Classes like Polynomial or Matrix work over arbitrary coefficient domains. The interface to basic arithmetical operations that is declared by CAObject, is designed to support this important feature.

Arithmetical operations such as multiply: or add: are defined only on instances of the same class, or more precisely on objects for which sameClass: returns YES. The algebraic properties of a set (class) of objects is tested by sending messages to an element of the set (for example inOrderedSet), and control the algorithms being used. Nullary operators, like obtaining the unity element of a set, are made unary : the unity element of a set is obtained by sending one to an arbitrary element of the set.

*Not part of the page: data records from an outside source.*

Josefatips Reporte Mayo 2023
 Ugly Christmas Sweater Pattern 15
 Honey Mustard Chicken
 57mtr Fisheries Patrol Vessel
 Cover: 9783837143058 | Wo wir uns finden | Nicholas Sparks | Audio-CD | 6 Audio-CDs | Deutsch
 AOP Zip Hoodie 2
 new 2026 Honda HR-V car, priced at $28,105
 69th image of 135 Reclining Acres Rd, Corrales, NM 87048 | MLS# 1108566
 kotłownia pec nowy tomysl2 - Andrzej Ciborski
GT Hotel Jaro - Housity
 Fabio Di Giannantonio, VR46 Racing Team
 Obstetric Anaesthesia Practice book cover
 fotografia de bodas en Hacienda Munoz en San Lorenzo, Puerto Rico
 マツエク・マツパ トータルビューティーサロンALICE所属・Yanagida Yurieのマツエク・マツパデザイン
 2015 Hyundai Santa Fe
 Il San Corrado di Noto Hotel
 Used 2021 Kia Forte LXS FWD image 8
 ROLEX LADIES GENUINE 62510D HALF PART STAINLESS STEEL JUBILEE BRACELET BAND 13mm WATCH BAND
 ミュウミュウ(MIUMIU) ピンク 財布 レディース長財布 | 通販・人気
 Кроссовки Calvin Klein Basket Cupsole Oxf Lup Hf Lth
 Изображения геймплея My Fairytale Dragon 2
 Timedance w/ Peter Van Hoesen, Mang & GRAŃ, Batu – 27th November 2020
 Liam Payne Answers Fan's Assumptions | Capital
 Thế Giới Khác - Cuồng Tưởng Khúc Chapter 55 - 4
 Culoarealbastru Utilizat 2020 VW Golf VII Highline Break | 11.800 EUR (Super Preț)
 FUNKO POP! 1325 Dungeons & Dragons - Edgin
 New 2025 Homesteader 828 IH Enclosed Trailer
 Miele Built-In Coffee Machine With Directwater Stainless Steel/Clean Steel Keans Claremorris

For example, for two Integer objects, sameClass: simply returns YES, but for two IntegerModp objects, sameClass: returns YES if and only if the moduli are equal. This means that you can sum, using add:, any pair of Integer instances, but that you cannot add an object mod p to an object mod q. Also, you cannot add a Integer instance to a IntegerModp instance using the add: method.

Method types

Methods

cakitRevision

+ (STR)cakitRevision

This method returns the value of the revision string __cakit_revision__ (declared in the header file cakit/cakit.h), as it was when the Computer Algebra Kit was built. The string in the header file that you're using should match the string returned by this method.

str:

+str:(STR)aString

Creates an object given a string description. No default implementation.

int:

+int:(int)intValue

Creates an object given an int value. No default.

copy

-copy

Creates a copy of the object by sending copy to super. Sets the reference count of the new object to one.

Subclasses must implement their own versions of copy to copy additional memory consumed by the copied object.

- copy
{
    self = [super copy];
    pointer = malloc(nBytes);
    return self;
}

Note that the message to super precedes the code added in the method. This ensures that copying proceeds in the order of inheritance.

See also: deepCopy

deepCopy

-deepCopy

Creates a deep copy of the object by sending copy to super. Sets the reference count of the new object to one.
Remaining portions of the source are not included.